4.5.5 Guided Practice

  1. This following data comes from Stanford Open Policing Project (https://openpolicing.stanford.edu/) which we’ll do more with later in the year. Let’s imagine we have two events concerning people who are pulled over by the police. We’ll let event \(A\) be whether the person is white or not and event \(B\) be whether the person is subsequently searched.
p A !A total
B 0.20
!B 0.35
total 0.55
  1. Use what you know about the relationship between marginal and joint probabilities to fill in the rest of the table, and make sure not to assume independence at this stage.
  2. Does the assumption of independence between race and subsequent search seem appropriate here?

 

  1. Let’s suppose we’re looking at social media use by age and take a random sample of 1000 people with cell phones in WA state. We categorize people between 13-25 and 26 and above (old people) and also ask how many hours per week they spend on their phones on social media (less than 10 or more than 10). Before looking at the data, would you expect age and hours on social media choice to be independent? Why or why not?

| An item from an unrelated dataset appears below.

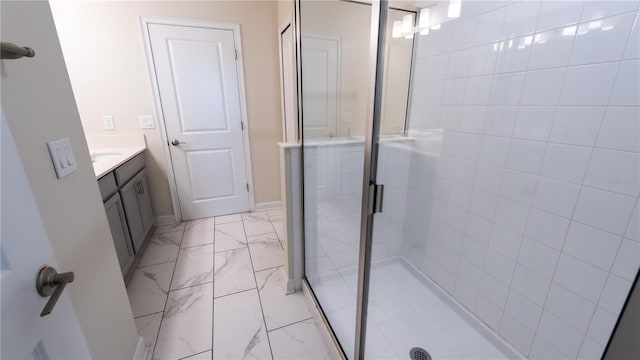 bathroom featuring tile floors, a shower with shower door, and vanity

The data for this problem is shown below:

age P(\(<=10\) hrs) P(\(>10\) hrs) Total
P(13-25) 102 448 550
P(26+) 198 252 450
Total 300 700
  1. Convert the above table to proportions.
  2. Does this table show independence? Why or why not?
  3. What is the probability that a random person is over 26 AND spends less than 10 hrs on social media per week?
  4. What is the probability that a random person is under 25 OR spends less than 10 hrs on social media per week?

4.6 Visualizing Probability Distributions

When discussing probabilities, it can be useful to visualize them, and so its worth introducing concept of Probability distributions. Previously we said that all possible outcomes for an event must sum to 1, i.e. P(\(A_1\)) + P(\(A_2\)) + … P(\(A_n\)) = 1. How could we visualize this?

We might represent our dice roll as follows:

This shows our possible outcomes on the x axis, ranging from 1 through 6, and the probability of each on the y-axis. You might think this looks like a histogram, and you’d be right!

So, to determine the probability of rolling a 1 or 2, just add the probability (read “heights”) of the appropriate bars. We will use the idea of going from distributions to probabilities a lot this year. In particular, this is what’s known as a discrete uniform distribution. The outcomes are discrete, and the associated probabilities are uniform, or all the same.

What would the probability distribution for the outcomes of the sum of two dice look like? (You’ll calculate the actual probabilities as part of your exercises. )

We’ll do a lot more with Probability Distributions later in this course but two main takeaways with probability distributions are that:

  • they contain all possible outcomes
  • the total distribution must sum to 1

4.7 Introduction to Simulating Discrete Random Variables

In this section, we will introduce the idea of how we can simulate a random variable. Above we discussed the idea of a random variable, here we will illustrate it.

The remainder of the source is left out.